The trial judge held in his order overruling the motion to dismiss (1) that the question of whether or not the allegations of a lawsuit are pertinent and material to the relief sought, is a question of fact to be resolved by the jury, (2) that the privilege extended to the comments against acts of public officials is not applicable in the instant case because the instant case deals specifically with pleadings in a lawsuit, and (3) that an upright and faithful servant sustains special damage by reason of defamatory language in allegations in a pleading which attacks his official character and which is neither material nor relevant to the action pending. The defendant appeal via certificate of immediate review. Held:
1. "Comments upon the acts of public men in their public capacity and with reference thereto" are deemed privileged communications. Code § 105-709 (6). However, "[i]n every case of privileged communications, if the privilege is used merely as a cloak for venting private malice, and not bona fide in promotion of the object for which the privilege is granted, the party defamed shall have a right of action." Code § 105-710. These two Code sections must be construed together. Nicholson v. Dillard, 137 Ga. 225, 230 (73 SE 382). Privilege may be absolute or qualified. In the latter case, it furnishes only a prima facie lawful excuse for making it. Nicholson v. Dillard, supra, and cit. "[A]n upright and faithful public servant sustains special damage by reason of a defamatory publication which attacks his official character. And this is said to be true, `whether the office be merely confidential and honorary, or be productive of emolument.' ... `As regards language concerning one in office, the same general principles apply as to language concerning one in trade. Language concerning one in office which imputes to him a want of integrity, or misfeasance in his office, ... or which is calculated to diminish public confidence in him, or charges him with the breach of some public trust, is actionable.'" Augusta Evening News v. Radford, 91 Ga. 494, 496 (17 SE 612); Huey v. Sechler, 107 Ga. App. 467, 469 (130 SE2d 754) and *575 cits. A conditional or qualified privilege is not a right to publish, but is rather the right to be free from legal liability from libel when such publication is done fairly and honestly and bona fide, and the determination of this is for a jury. See Atlanta Journal Co. v. Doyal, 82 Ga. App. 321 (3) (60 SE2d 802). The trial judge did not err in paragraphs 2 and 3 of his order.

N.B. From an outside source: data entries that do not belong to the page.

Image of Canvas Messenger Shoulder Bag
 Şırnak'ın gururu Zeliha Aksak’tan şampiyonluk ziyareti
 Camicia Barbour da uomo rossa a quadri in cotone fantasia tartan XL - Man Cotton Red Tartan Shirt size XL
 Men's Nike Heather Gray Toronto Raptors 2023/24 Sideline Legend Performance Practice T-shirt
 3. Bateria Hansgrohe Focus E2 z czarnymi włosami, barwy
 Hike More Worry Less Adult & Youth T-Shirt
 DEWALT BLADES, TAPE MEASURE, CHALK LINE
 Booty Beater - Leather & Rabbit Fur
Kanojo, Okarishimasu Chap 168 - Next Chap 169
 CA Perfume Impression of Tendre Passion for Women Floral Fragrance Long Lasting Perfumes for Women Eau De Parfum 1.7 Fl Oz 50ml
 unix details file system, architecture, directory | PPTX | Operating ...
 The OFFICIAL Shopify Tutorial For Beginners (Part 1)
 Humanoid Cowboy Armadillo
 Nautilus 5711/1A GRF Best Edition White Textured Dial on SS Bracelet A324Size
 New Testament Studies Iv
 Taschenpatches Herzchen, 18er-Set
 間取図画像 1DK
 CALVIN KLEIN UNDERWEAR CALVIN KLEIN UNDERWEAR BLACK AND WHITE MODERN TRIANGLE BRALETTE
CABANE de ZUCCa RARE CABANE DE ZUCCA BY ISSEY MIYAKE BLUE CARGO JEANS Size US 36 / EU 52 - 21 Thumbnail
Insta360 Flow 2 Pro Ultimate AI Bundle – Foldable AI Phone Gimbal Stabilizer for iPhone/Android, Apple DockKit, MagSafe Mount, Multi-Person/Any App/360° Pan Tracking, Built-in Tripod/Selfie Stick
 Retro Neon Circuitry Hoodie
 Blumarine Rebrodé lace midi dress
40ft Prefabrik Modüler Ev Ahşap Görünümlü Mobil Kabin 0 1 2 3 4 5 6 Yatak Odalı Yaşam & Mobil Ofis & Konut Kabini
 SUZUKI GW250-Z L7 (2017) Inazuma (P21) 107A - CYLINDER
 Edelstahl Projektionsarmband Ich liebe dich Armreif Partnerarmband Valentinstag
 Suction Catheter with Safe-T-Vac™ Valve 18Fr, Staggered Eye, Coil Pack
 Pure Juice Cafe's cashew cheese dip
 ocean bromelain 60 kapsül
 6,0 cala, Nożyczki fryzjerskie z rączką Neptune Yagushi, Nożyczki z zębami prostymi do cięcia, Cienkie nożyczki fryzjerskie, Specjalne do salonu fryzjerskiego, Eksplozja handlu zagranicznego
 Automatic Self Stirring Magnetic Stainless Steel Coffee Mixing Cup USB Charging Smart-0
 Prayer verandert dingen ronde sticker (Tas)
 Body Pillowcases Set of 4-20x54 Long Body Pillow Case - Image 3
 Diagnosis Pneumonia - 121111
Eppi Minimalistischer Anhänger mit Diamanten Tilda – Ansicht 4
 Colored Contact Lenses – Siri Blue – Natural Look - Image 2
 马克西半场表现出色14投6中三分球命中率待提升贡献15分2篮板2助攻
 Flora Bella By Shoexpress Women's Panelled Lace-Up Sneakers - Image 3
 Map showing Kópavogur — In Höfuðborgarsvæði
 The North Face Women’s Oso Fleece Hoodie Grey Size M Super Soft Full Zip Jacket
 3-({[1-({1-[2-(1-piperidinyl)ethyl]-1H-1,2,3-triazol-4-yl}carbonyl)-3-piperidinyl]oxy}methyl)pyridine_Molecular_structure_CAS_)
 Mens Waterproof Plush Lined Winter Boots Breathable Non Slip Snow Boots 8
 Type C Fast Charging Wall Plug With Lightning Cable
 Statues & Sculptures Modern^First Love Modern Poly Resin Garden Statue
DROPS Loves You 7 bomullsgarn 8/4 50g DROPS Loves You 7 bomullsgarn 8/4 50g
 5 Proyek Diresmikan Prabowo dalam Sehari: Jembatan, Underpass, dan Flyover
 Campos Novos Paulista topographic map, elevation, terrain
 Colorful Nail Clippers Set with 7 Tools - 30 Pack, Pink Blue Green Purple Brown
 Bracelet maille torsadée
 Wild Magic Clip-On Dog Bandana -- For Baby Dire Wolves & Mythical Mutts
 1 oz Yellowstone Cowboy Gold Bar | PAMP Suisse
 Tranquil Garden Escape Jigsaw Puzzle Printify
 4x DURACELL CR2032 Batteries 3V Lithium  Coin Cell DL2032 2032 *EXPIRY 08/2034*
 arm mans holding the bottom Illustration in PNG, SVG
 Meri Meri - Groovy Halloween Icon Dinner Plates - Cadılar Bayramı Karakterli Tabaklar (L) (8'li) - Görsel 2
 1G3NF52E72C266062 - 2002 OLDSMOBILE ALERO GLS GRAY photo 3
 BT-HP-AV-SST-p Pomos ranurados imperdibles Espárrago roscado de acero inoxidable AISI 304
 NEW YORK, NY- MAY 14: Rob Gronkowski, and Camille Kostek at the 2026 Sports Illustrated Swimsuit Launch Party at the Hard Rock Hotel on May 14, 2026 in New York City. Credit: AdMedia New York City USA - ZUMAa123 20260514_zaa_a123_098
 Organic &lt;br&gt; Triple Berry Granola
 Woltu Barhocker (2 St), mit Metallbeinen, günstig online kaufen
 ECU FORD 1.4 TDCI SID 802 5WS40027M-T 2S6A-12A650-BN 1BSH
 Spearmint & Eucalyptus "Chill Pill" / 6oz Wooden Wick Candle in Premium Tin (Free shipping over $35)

2. The trial judge was in error in holding that the question of whether or not the allegations of a lawsuit are pertinent and material to the relief sought, is a question of fact for the jury.
"All charges, allegations, and averments contained in regular pleadings filed in a court of competent jurisdiction, which are pertinent and material to the relief sought, whether legally sufficient to obtain it or not, are privileged. However false and malicious, they are not libelous." Code § 105-711. "[I]n testing pleadings, the marks of absolute privilege are relevancy and materiality. Where these are wanting there is no privilege, or only conditional privilege at most." Wilson v. Sullivan, 81 Ga. 238, 243 (7 SE 274); Bennett v. Bellinger, 40 Ga. App. 557 (150 SE 566).
Accordingly, the case is remanded to the trial court for its decision determining the pertinency and materiality of the allegations regarding the plaintiff contained in the U. S. District Court litigation.
Judgment affirmed in part; reversed in part. Deen and Webb, JJ., concur.